A Strong Step for Safety
In the February edition of HealthLeaders magazine, I write about how some hospitals are learning from the high-profile errors of others and taking steps to make sure that those same errors don't occur at their facilities.
Dan Sheridan, medication safety pharmacist at the Marion (OH) General Hospital, says part of his organization's strategy to prevent medical errors has been an environment where staff members are encouraged to report mistakes.
"If people think that they're going to be punished when they report an error, they won't report the error, and then we can't prevent it. We strongly encourage people to report errors and thank them for doing so," he says.
This strategy has worked for many hospitals, and now the U.S. Department of Health and Human Services (HHS) is hoping that the establishment of patient safety organizations (PSO) will further encourage doctors and other caregivers to voluntarily report medical mistakes and other dangers to patients' wellbeing. The rule--that would allow the Agency for Healthcare Research and Quality to certify public and private organizations as PSOs--was announced earlier this week.
This is a very big step for healthcare in the United States. It's a way to change the secretive cultures that exist in our hospitals--created by a litigious society that suppresses the ability for physicians and other caregivers to admit mistakes and discuss with others how to prevent future errors.
PSOs will not only confidentially collect information about mistakes, but also work with the erring physician and his or her colleagues to make sure that this particular error is prevented in the future. PSO members will act as "consultants" suggesting changes in routine procedures that can make the hospital a safer place for patients.

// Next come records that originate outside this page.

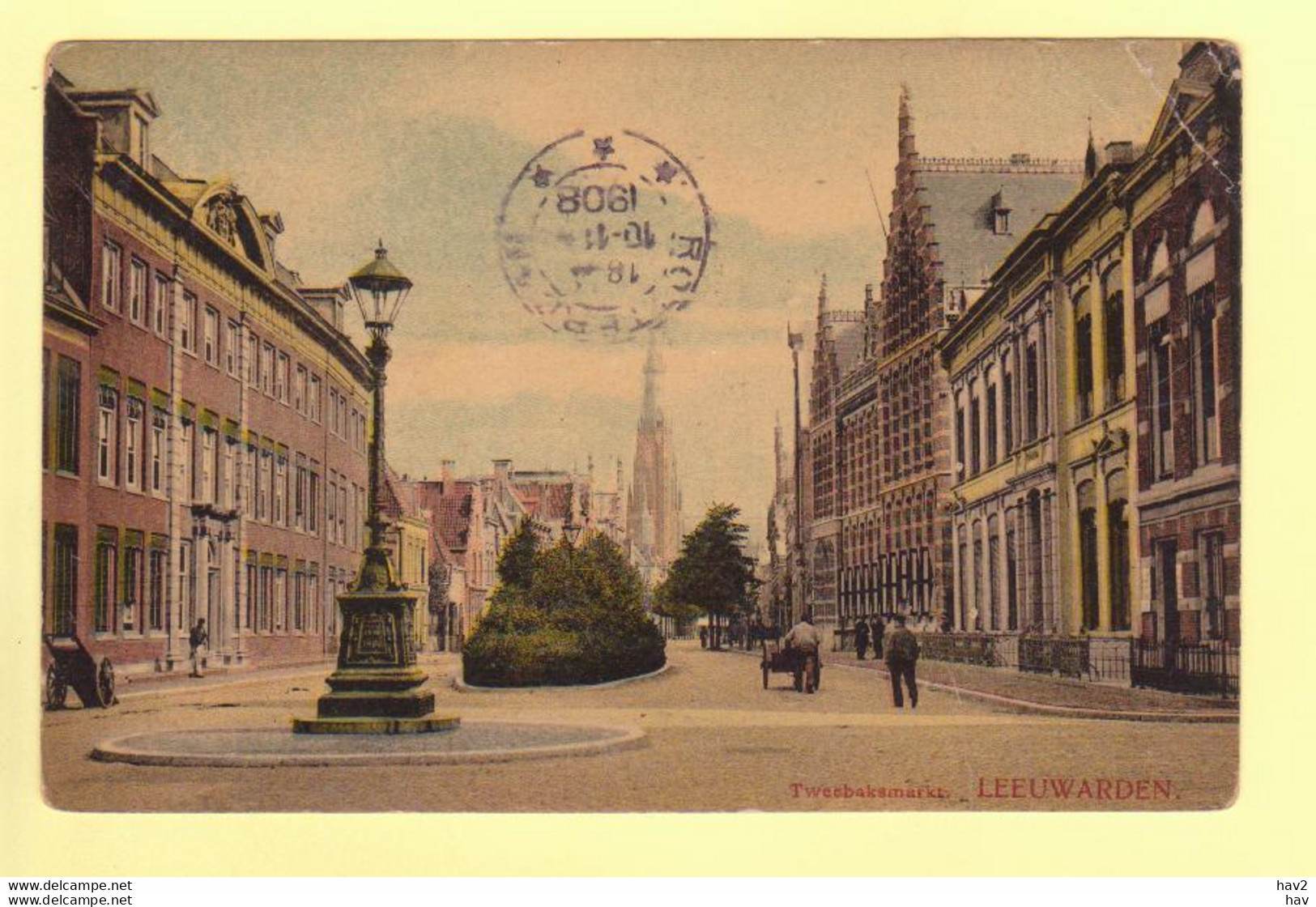 Leeuwarden Tweebaksmarkt 1908 RY18197 - Leeuwarden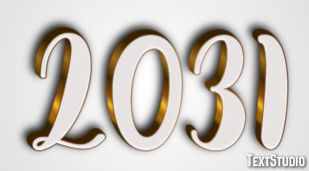 2031 Text effect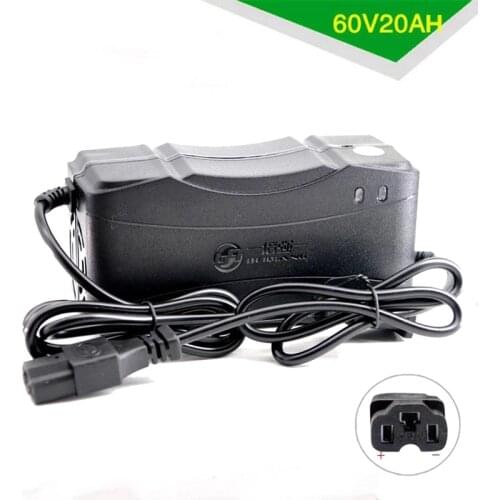 New 60V 20AH Smart Electric Bike Scooter Charger For Rechargeable AGM Gel Lead Acid Battery 12AH 30AH DC 74V 2.8A T Connector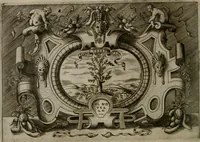 An illustration from Ragionamento di Luca Contile sopra la proprietà delle imprese con le particolari de gli academici Affidati et con le interpretationi et croniche .. (1574)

The organizations will also make it more likely that physicians and healthcare organizations will collect and report patient safety data--giving the industry a better handle on what errors are occurring and what can be done nationwide to prevent recurrences. Knowing what's happening in the industry and being able to sit down with your own staff to discuss it is important for any hospital's effort to eliminate medical errors.
Take what happened to three newborns at Cedars-Sinai Medical Center in November 2007. The infants received 10 times the recommended dose of the blood thinner herapin--the same exact error that occurred at in September 2006 at Clarian's Methodist Hospital. In my HealthLeaders article, Kurt Patton, former executive director of accreditation services for The Joint Commission (formerly JCAHO) and principal of Patton Healthcare Consulting, LLC, in Glendale, AZ, says keeping track of what's happening in other healthcare organizations and using that information to discuss patient safety with your staff is key.
"I think many hospitals probably are looking at these occurrences in other organizations. When you hear about something like this, you bring the information to your staff meeting and ask, 'How vulnerable are we?' and 'What can we do to prevent it happening here?' " he says.
Communication is key to problem solving in any organization and HHS' proposed rule will go a long way in encouraging healthcare providers and organizations to not only share what's going wrong at their hospital, but to talk about it in a way that will prevent future mistakes.